## Work item
Transcribe every entry word for word, but skip the images.

---------- Records to use

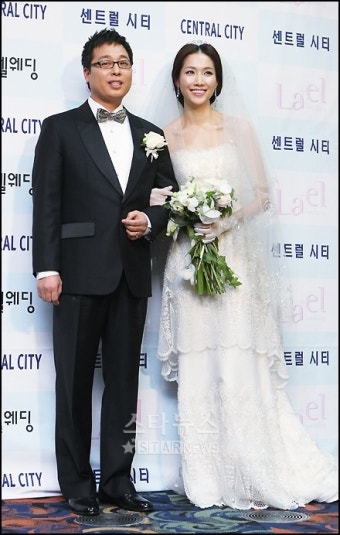 [포토]이선진-김성태씨, 저희 잘 어울리죠?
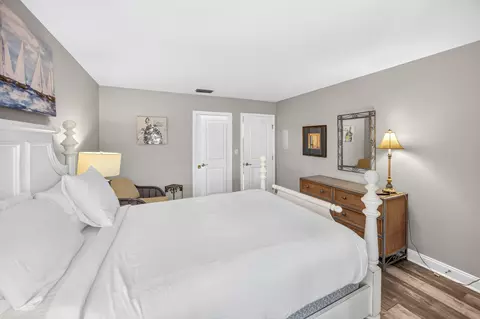 Bedroom - 264 Eagle Dr, Miramar Beach, FL 32550 photo 7 of 10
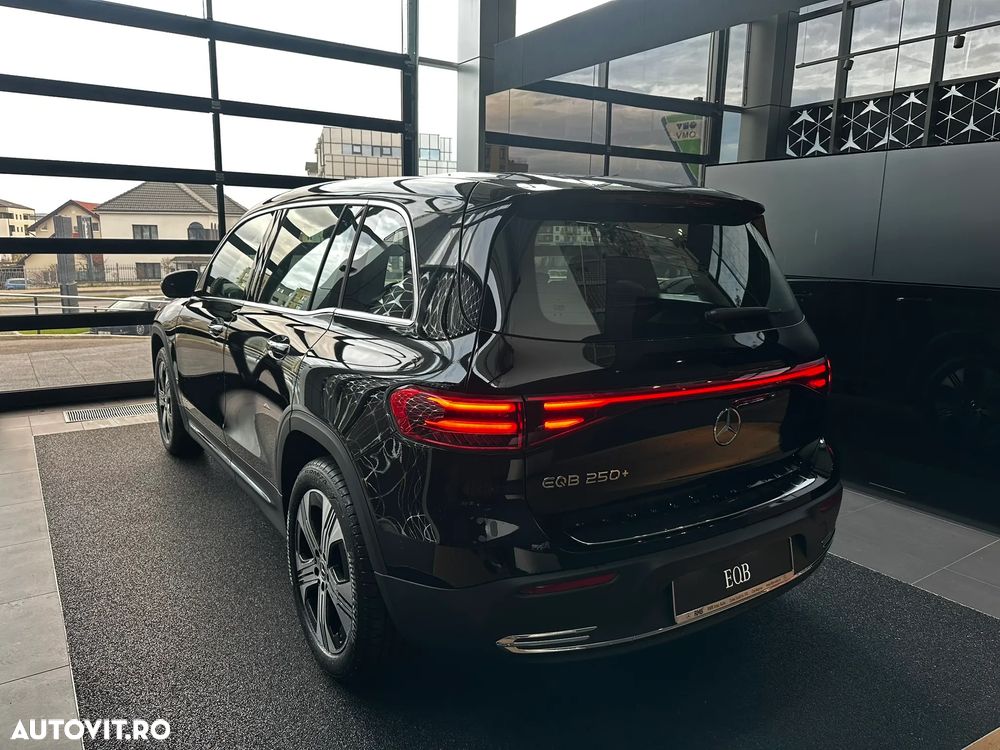 Mercedes-Benz EQB 250 - 6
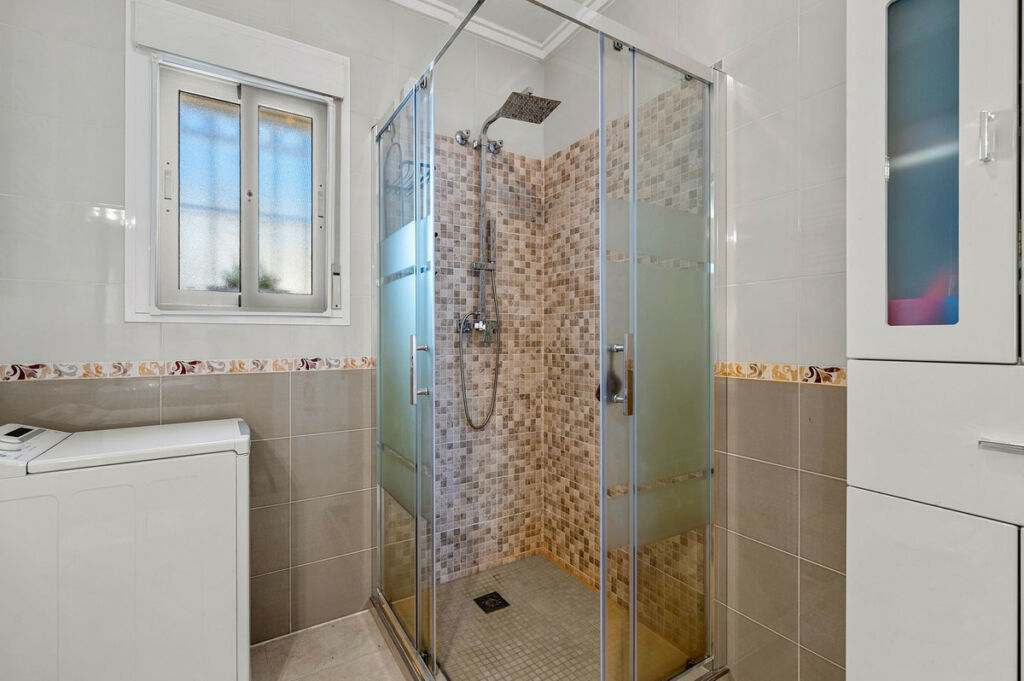 Detached Villa Rojales Alicante - image 15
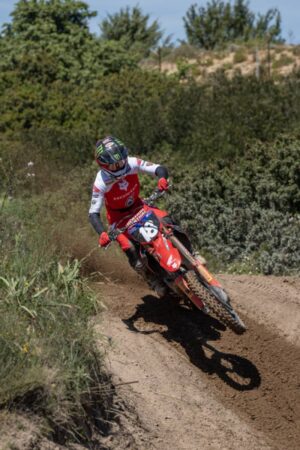 Jeffrey Herlings sulla Honda CRF450RW nella sabbia di Riola Sardo durante le qualifiche MXGP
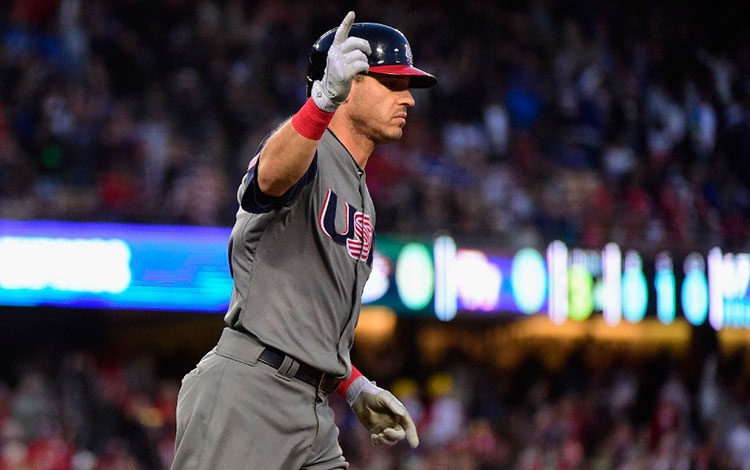 Ian Kinsler batea jonrón en final contra Puerto Rico, IV Clásico Mundial de Béisbol. Ian Kinsler batea jonrón en final contra Puerto Rico, IV Clásico Mundial de Béisbol.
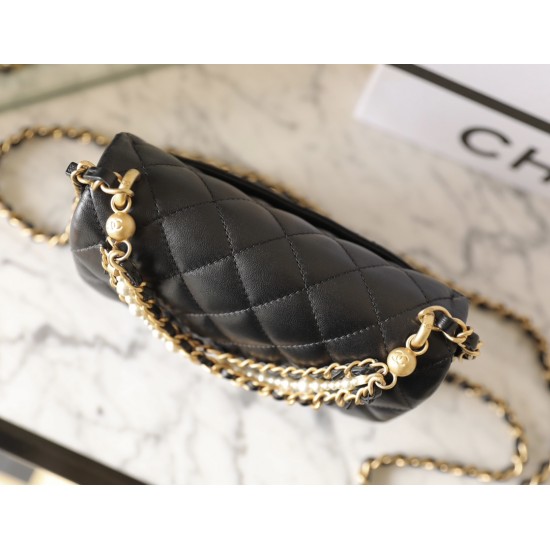 CHANEL 24P Flap Bag With Pearl CHB028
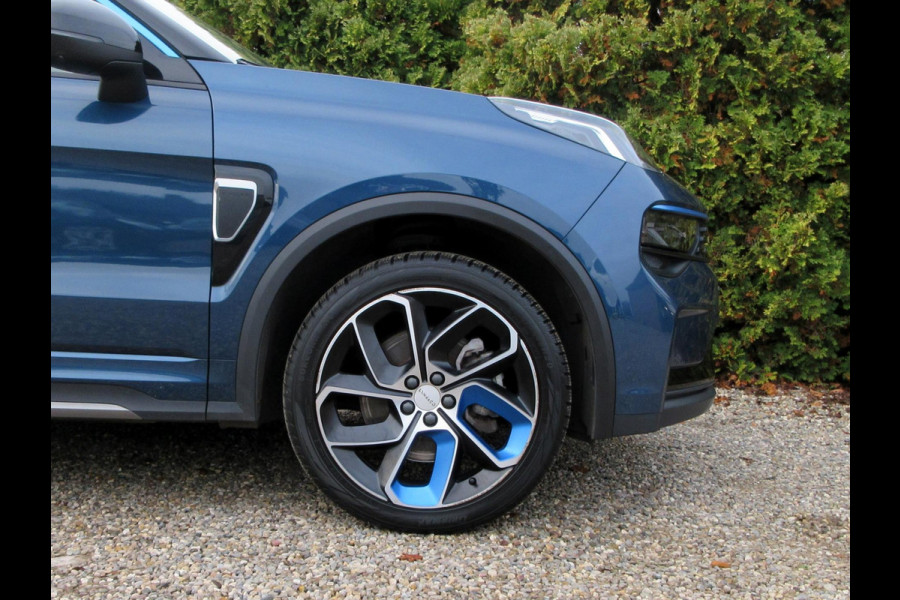 Lynk & Co 01 1.5 Plug-in*Adapt. Cruise*Pano.dak*360cam*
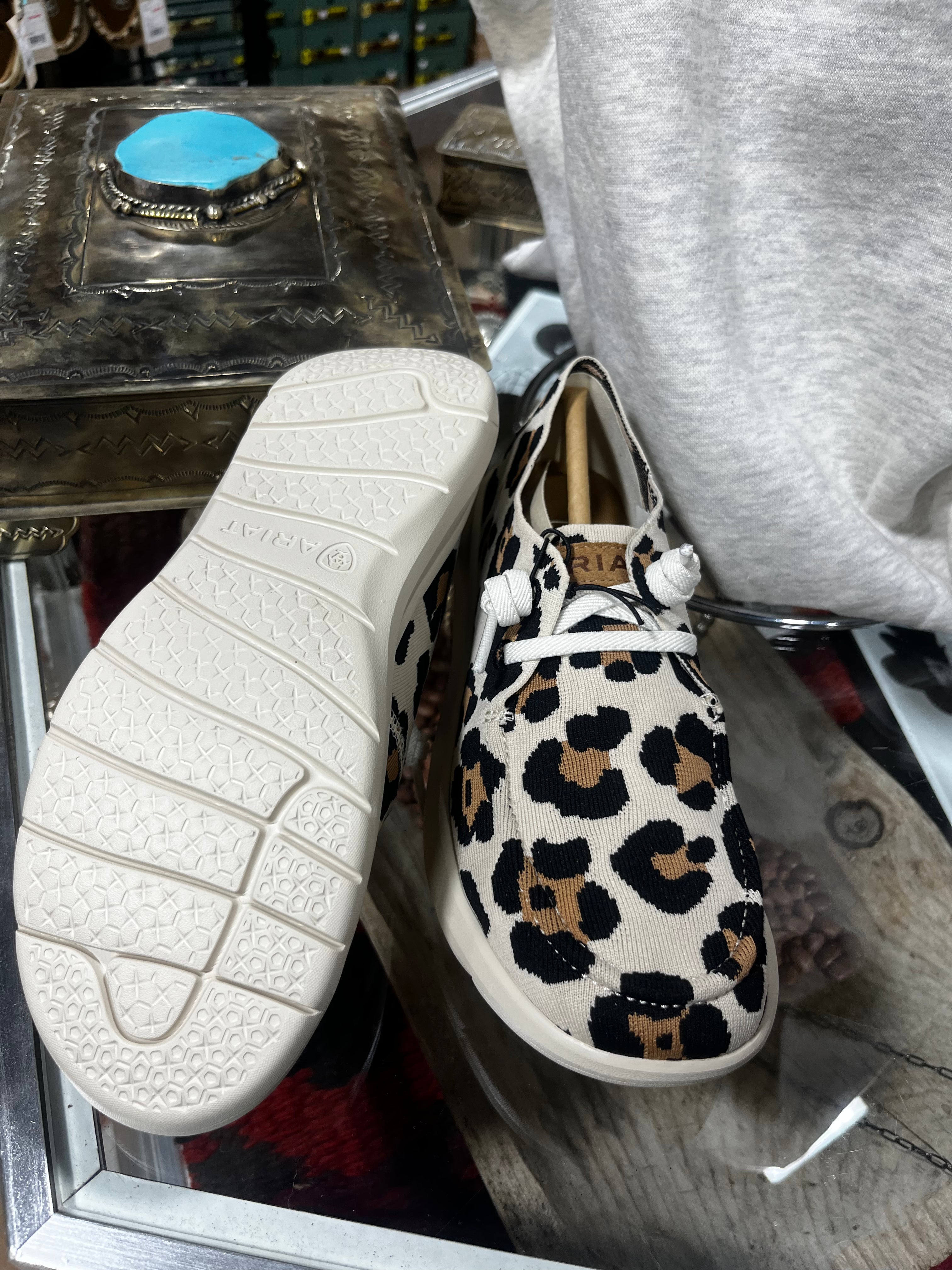 Leopard print Ariat Hilo’s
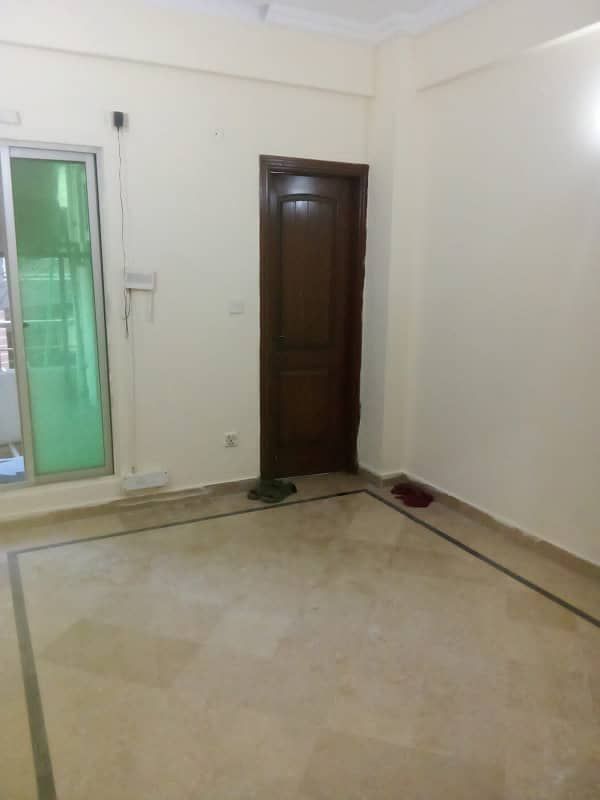 2 Bed Flat For Rent In G-15 Markaz Islamabad 9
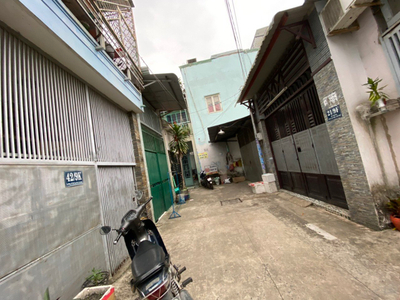 Đường trước nhà phố Huyện Hóc Môn Nhà phố diện tích 64m2 cửa hướng Nam, ngay chợ Ba Bầu.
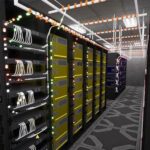 Centro de datos: juego donde montas y mantienes centros de datos
 – descarga
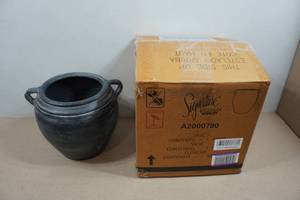 lot 37 image: Signature Design By Ashley Decorative Vase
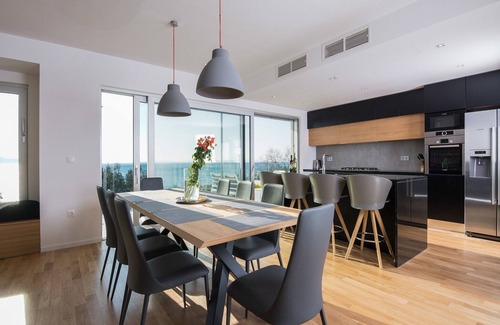 Kozino Villa | Luxurious Villa in Kozino with Fenced Garden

--------------------

## Answer to the exercise
 [포토]이선진-김성태씨, 저희 잘 어울리죠?
 Bedroom - 264 Eagle Dr, Miramar Beach, FL 32550 photo 7 of 10
 Mercedes-Benz EQB 250 - 6
 Detached Villa Rojales Alicante - image 15
 Jeffrey Herlings sulla Honda CRF450RW nella sabbia di Riola Sardo durante le qualifiche MXGP
 Ian Kinsler batea jonrón en final contra Puerto Rico, IV Clásico Mundial de Béisbol. Ian Kinsler batea jonrón en final contra Puerto Rico, IV Clásico Mundial de Béisbol.
 CHANEL 24P Flap Bag With Pearl CHB028
 Lynk & Co 01 1.5 Plug-in*Adapt. Cruise*Pano.dak*360cam*
 Leopard print Ariat Hilo’s
 2 Bed Flat For Rent In G-15 Markaz Islamabad 9
 Đường trước nhà phố Huyện Hóc Môn Nhà phố diện tích 64m2 cửa hướng Nam, ngay chợ Ba Bầu.
 Centro de datos: juego donde montas y mantienes centros de datos
 – descarga
 lot 37 image: Signature Design By Ashley Decorative Vase
 Kozino Villa | Luxurious Villa in Kozino with Fenced Garden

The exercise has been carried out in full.